Todos los días se levanta a las cuatro y media de la mañana para hacer los destinos y cuando el resto de sus semejantes se levanta a las seis de la mañana ya encuentran su destino creado.
Su oficio es milenario, antes de que el primer hombre abriera los ojos, ella ya estaba en su lugar de hacedora cumpliendo con la misión de ordenar la casa para que todo estuviera dispuesto para el acontecer de lo cotidiano. Amiga de la aurora y cómplice del sol desde su primer albor, ha diseñado desde antes de que el tiempo fuera una urdimbre de segundos minutos y horas, la estructura que soporta el día y la noche en sus aparentes distinciones de luz y oscuridad, con sus acrobacias sencillas y contundentes ha dado origen a los rituales que mantienen la armonía del pueblo que le fue entregado por antonomasia de los dioses, quienes se relajaron cuando vieron que ella podía resolver la vida desde la sencillez de las labores diarias.
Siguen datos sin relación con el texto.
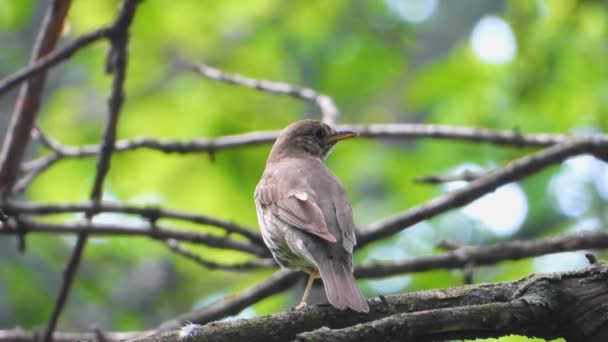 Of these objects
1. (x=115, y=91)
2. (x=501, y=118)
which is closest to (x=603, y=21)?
(x=501, y=118)

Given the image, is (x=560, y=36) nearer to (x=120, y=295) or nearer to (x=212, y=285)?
(x=212, y=285)

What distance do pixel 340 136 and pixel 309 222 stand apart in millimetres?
1755

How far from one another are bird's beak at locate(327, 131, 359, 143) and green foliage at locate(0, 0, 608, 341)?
2.19 meters

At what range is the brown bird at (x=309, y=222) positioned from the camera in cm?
460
Tal ha sido su entrega que las mujeres que vinieron luego aprendieron a nombrar destinos a los oficios cotidianos, desde planchar, barrer, lavar, zurcir, amasar, hasta criar, crear y pensar, gracias a su legado ellas ordenan lo que algunos hombres desordenan.
De estas hacedoras de destinos, he visto muchas todavía ocupadas en tales menesteres, van por ahí a sol y sombra trasegando su misión sin esperar reconocimientos públicos, sin fastos ni oropeles cumplen con su mandado haciendo posible la vida incluso para aquellas que han resentido el llamado de hacer algo para mejorar sus destinos.
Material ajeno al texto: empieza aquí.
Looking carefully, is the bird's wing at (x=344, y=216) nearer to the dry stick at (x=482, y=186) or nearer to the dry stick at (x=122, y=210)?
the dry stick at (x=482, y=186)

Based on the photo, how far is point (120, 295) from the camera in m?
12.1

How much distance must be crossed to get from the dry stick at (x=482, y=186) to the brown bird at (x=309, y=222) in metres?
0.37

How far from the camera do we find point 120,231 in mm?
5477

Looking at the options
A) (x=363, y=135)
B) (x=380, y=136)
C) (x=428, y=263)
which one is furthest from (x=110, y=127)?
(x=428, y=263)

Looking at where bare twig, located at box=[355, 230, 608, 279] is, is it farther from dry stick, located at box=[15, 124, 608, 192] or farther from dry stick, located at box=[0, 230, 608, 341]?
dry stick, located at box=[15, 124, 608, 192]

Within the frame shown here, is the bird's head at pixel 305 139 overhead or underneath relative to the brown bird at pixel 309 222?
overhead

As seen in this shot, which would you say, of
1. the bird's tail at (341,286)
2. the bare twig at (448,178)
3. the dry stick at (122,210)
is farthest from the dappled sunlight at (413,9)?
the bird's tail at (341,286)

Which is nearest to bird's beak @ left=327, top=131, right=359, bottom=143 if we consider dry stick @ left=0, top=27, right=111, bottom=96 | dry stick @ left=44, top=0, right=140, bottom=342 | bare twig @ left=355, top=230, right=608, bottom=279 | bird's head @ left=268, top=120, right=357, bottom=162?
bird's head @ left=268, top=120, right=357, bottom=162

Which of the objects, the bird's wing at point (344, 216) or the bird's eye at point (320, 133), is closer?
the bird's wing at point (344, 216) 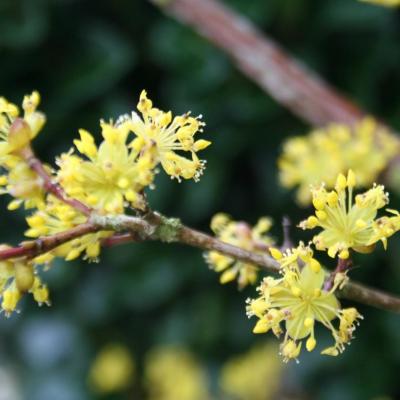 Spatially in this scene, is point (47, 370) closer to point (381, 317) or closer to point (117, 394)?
point (117, 394)

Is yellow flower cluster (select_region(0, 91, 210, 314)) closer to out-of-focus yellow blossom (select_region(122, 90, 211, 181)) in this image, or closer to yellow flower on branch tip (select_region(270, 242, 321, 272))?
out-of-focus yellow blossom (select_region(122, 90, 211, 181))

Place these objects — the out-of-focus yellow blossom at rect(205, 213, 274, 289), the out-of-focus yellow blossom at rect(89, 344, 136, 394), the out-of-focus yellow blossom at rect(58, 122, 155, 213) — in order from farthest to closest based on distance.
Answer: the out-of-focus yellow blossom at rect(89, 344, 136, 394) < the out-of-focus yellow blossom at rect(205, 213, 274, 289) < the out-of-focus yellow blossom at rect(58, 122, 155, 213)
Gilma, desde muy joven es una hacedora de destinos, destinos que han ido desapareciendo, como lavar y planchar ropa ajena, lo hacía en la quebrada con su hermana y otras mujeres lavanderas, recogían la ropa en bolsas de trapo, se reunían en las acequias cercanas a su casa y allí contra las piedras estregaban las prendas de familias enteras a cambio de unas cuantas monedas. Al clarear el día, recogían las encomiendas en los domicilios e iniciaban la ronda de enjuague, despercudido, secar al sol en las mangas, planchar y entregar todo en una sola jornada.
En una ocasión la quebrada se creció, el ganado que abrevaba de las fuentes cristalinas saltó en estampida a las partes altas, vieron que una borrasca se les venía encima, las lavanderas alcanzaron a reaccionar recogiendo las prendas que estaban tendidas en torno a la quebrada, las que estaban en proceso de lavado fueron arrastradas por el cauce, no se explican cómo pudieron salvarse, Gilma y las otras mujeres buscaron refugio quedando del otro lado de la creciente, lejos del camino a sus casas, el día se oscureció de repente, titiritando de frío y espanto vieron alejarse entre la corriente camisas y pantalones que se anudan entre sí como buscando salvarse de morir ahogados.
Las mujeres guardaron un respetuoso silencio por aquellas prendas caídas, hasta que una de ellas rompió el mutismo con una frase que al sol de hoy se repite en algunas familias del lugar cuando les ocurre una situación adversa: “Nos joimos Gilma”.
Desde aquel día no volvieron a la quebrada, siguieron con su oficio de lavanderas sacando agua del cementerio, único lugar del sector donde llegaba el preciado líquido, a los muertos no les hace mucha falta y el sepulturero entendido en lujos de muertos y necesidades de vivos les permitía sacar el agua.
Así el agua que habría de convertirse en jugo putrefacto en floreros blancos con formas de ángeles, termina limpiando las ropas de los ricos del pueblo y, hervida en los calderos de las humildes casas de las lavanderas, se transforma en caldos y agua de panela con las que levantaron a sus hijos, puesto que en eso consiste ser hacedoras de destinos.